▶ [Records to process]
==============================

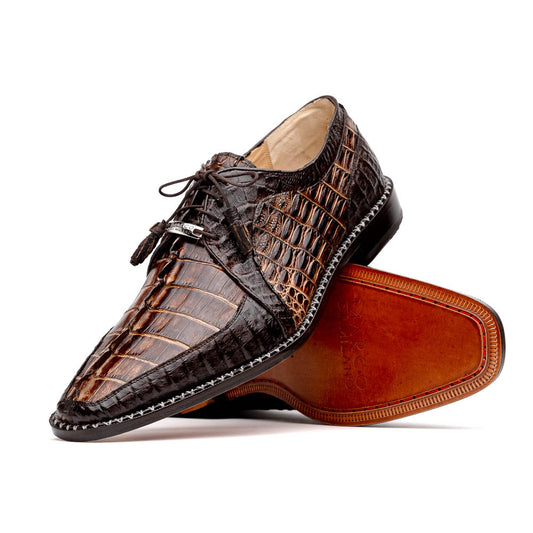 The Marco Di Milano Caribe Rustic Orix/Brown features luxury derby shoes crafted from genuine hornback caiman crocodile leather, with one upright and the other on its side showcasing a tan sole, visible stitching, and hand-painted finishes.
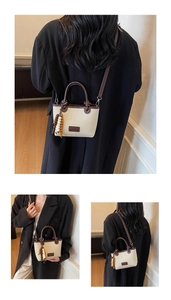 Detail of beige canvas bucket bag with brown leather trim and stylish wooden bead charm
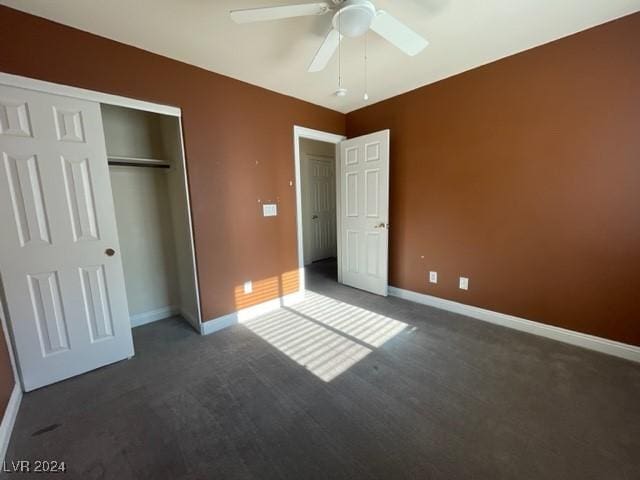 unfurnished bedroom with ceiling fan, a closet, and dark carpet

==============================

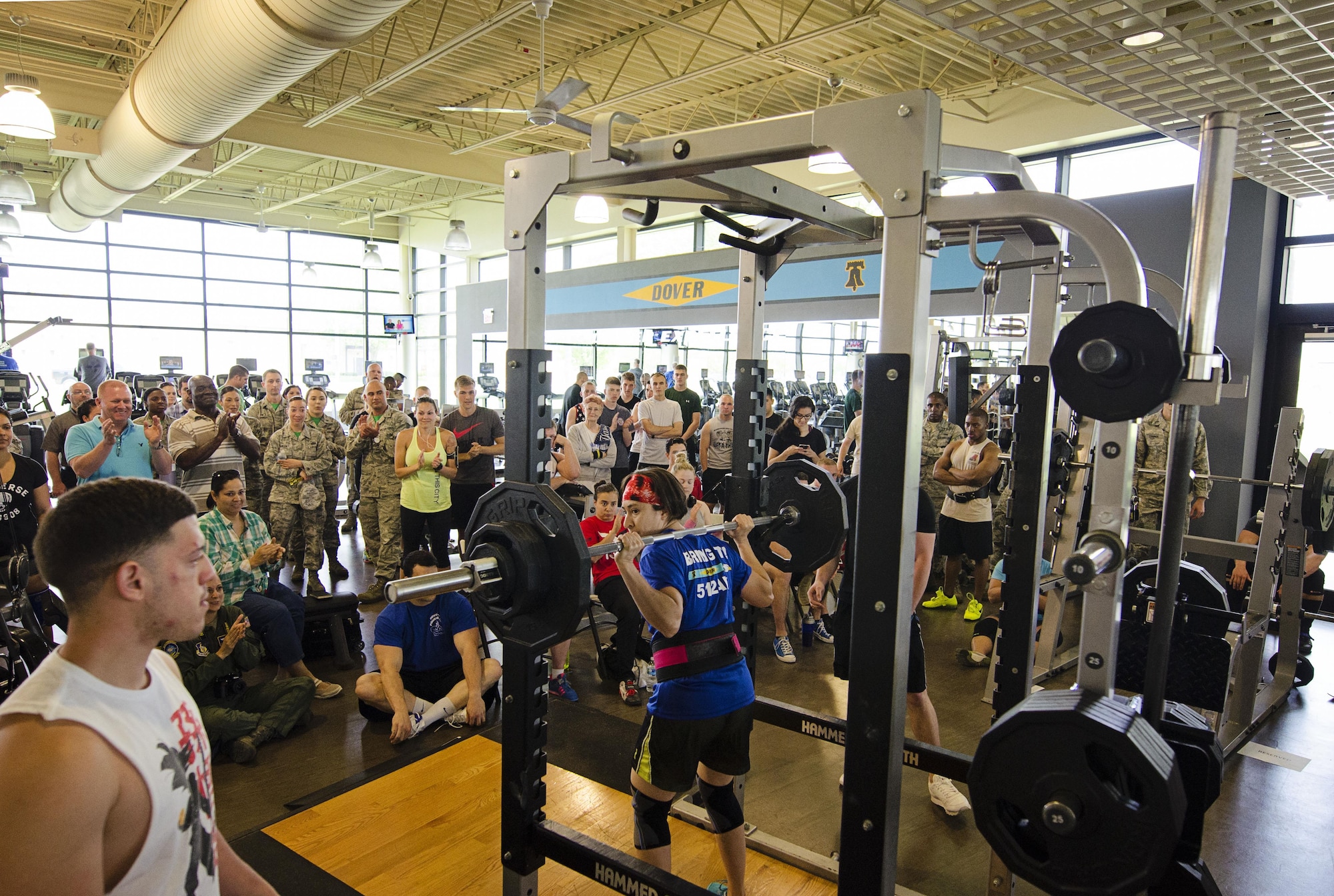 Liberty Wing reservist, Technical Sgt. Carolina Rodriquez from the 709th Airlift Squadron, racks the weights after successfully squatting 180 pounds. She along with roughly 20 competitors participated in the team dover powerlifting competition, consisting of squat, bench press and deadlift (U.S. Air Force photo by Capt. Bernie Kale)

==============================

▶ [Prompt]
Once the line with "The Marco Di" is found in the data above, reproduce it and each line after it exactly, through the line with "unfurnished bedroom with". Omit the pictures.

▶ [Response to this exercise]
 The Marco Di Milano Caribe Rustic Orix/Brown features luxury derby shoes crafted from genuine hornback caiman crocodile leather, with one upright and the other on its side showcasing a tan sole, visible stitching, and hand-painted finishes.
 Detail of beige canvas bucket bag with brown leather trim and stylish wooden bead charm
 unfurnished bedroom with ceiling fan, a closet, and dark carpet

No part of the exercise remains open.